Police deployment on August 15 1998 has never been fully explained. According to evidence given at the inquest into the victims, there were no police on duty in Omagh town centre when the bomb was driven in at approximately 2.20pm. At the time, two three-man patrols were out in cars. When the bomb warning was given, one was in a housing estate on the north side of the town. The other was attending an incident in the countryside.

There were seven police on duty in the town’s police station. An eighth was on guard duty in the sangar outside. A ninth officer has given evidence he was on duty in the Omagh area, but did not specify where.

At the time, an additional 25-member Divisional Mobile Support Unit carried out mobile patrols of the Omagh area. Its members patrolled in uniform, but driving civilian cars. On the day of the bombing, 15 were on leave. The remaining 10, with some other officers, were given responsibilities to police a nationalist parade in Kilkeel, Co Down. Kilkeel is one of the furthest points from Omagh in the North, almost 72 miles away. When the bomb warning was received, these police were in Land Rovers in the yard of Omagh police station.

At the time the bomb was planted, the traffic warden who dealt with that part of the town centre was on his lunch break. The bomb car was parked on a single yellow line, where parking was forbidden: though the prohibition was regularly ignored. The particular traffic warden was known for his efficiency.

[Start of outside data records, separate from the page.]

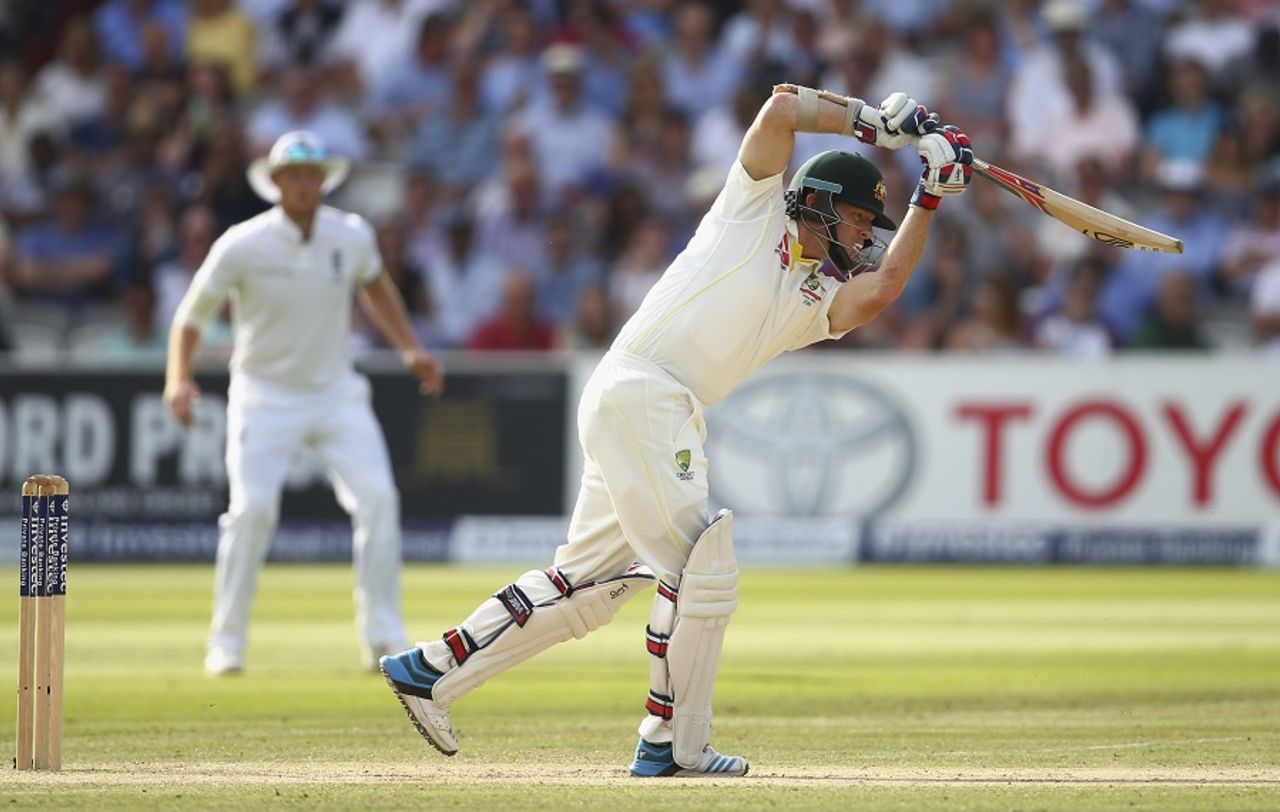Chris Rogers presents a high elbow and punches down the ground, England v Australia, 2nd Investec Ashes Test, Lord's, 3rd day, July 18, 2015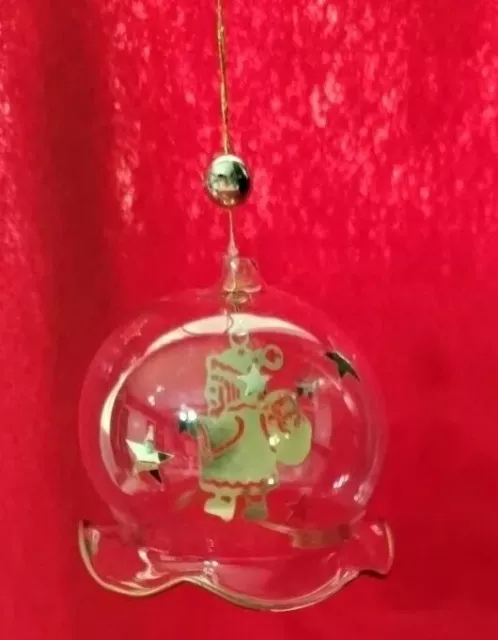 Silvestri Hand Blown Clear Glass Bell Gold Santa Clapper Christmas Ornament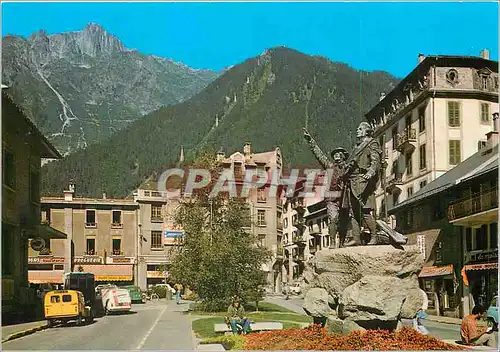 Moderne Karte Chamonix Mont Blanc Monument aJ Balmat et a De Saussure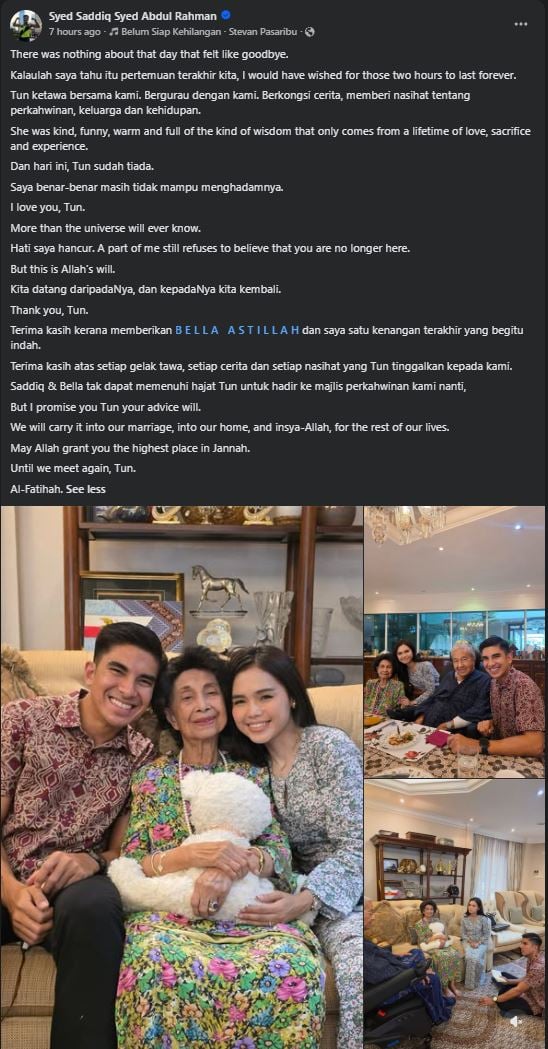 Bella Astillah Kongsi Detik Syed Saddiq Terima Berita Pemergian Tun Dr Siti Hasmah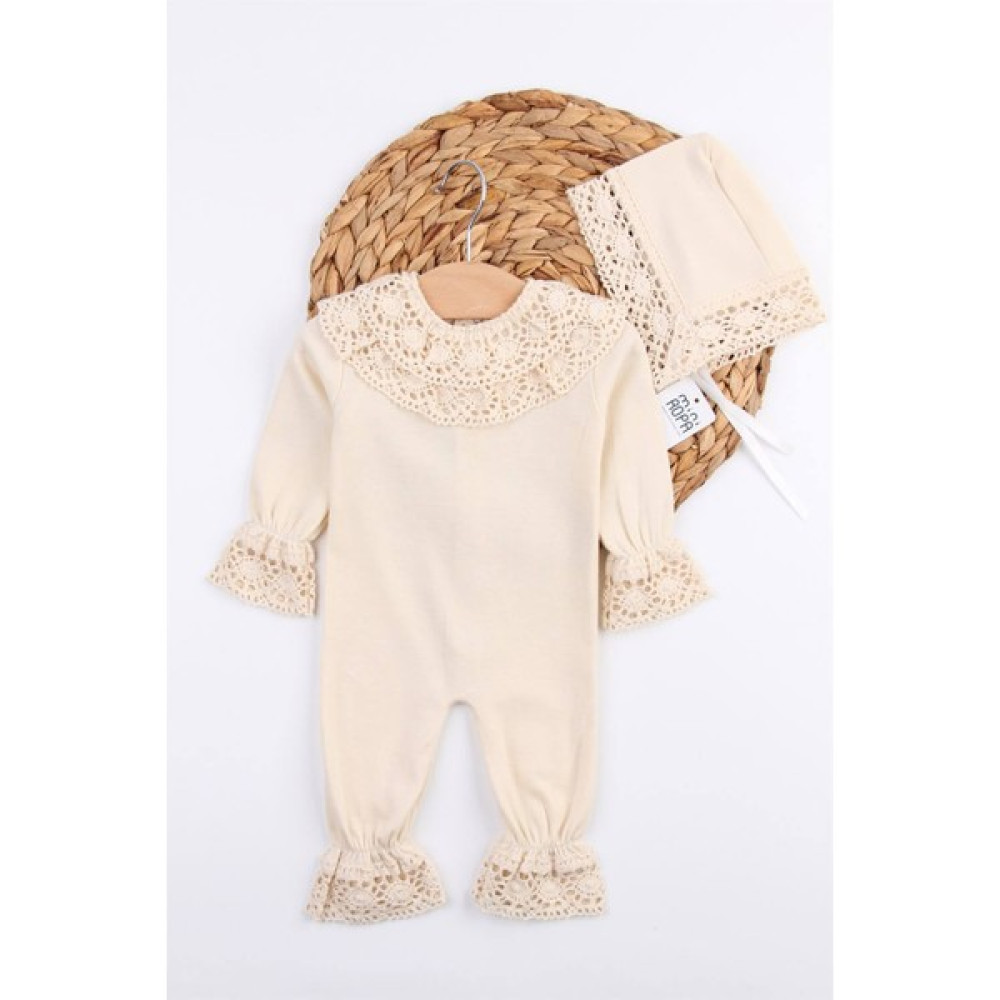 Mini Ropa Organik Dantelli Kız Bebek Tulumu Şapkalı Hastane Çıkışı Dantel Işlemeli Hediyelik Mevlüt Kıyafeti Bebek Tulumu Fiyatı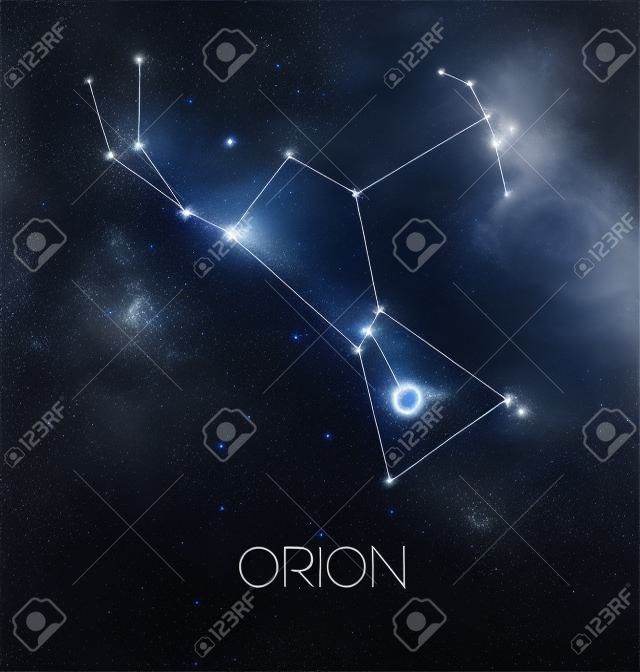 Созвездие Ориона в ночном небе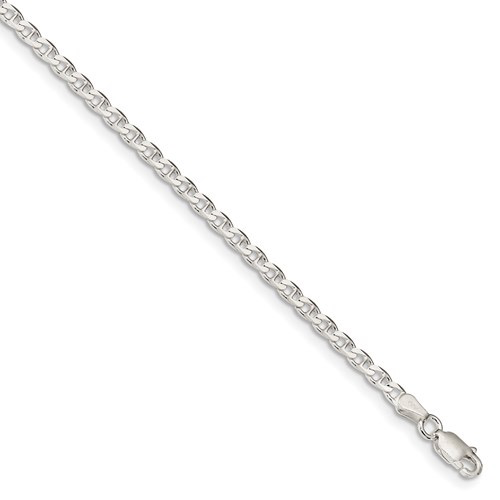 Sterling Silver 3.15mm Flat Anchor Ankle Bracelet 9 inch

After the bombing, the fact of knowledge about the August 4 call was not conveyed to police investigators until O’Loan discovered it when drawing up her scathing report three years after the bombing. None of those named in this call were questioned afterwards. At least two were unaware they had been named until I spoke to them in 2002. There is no evidence any had any involvement with the bomb. However, whoever made the call had knowledge of some sort of attack in Omagh, and wanted to implicate them.

With too many questions unanswered, some relatives are now calling for a public inquiry. However, the British government has rejected further public inquiries.

The best opportunity left to advance the truth is a civil action being taken by the late Laurence Rush, whose wife was killed in the bombing. His family is continuing the action against the Chief Constable and Secretary of State, for failing to prevent and to properly investigate, the bombing.

Omagh was the worst atrocity of the Troubles, killing 29 and wounding 220.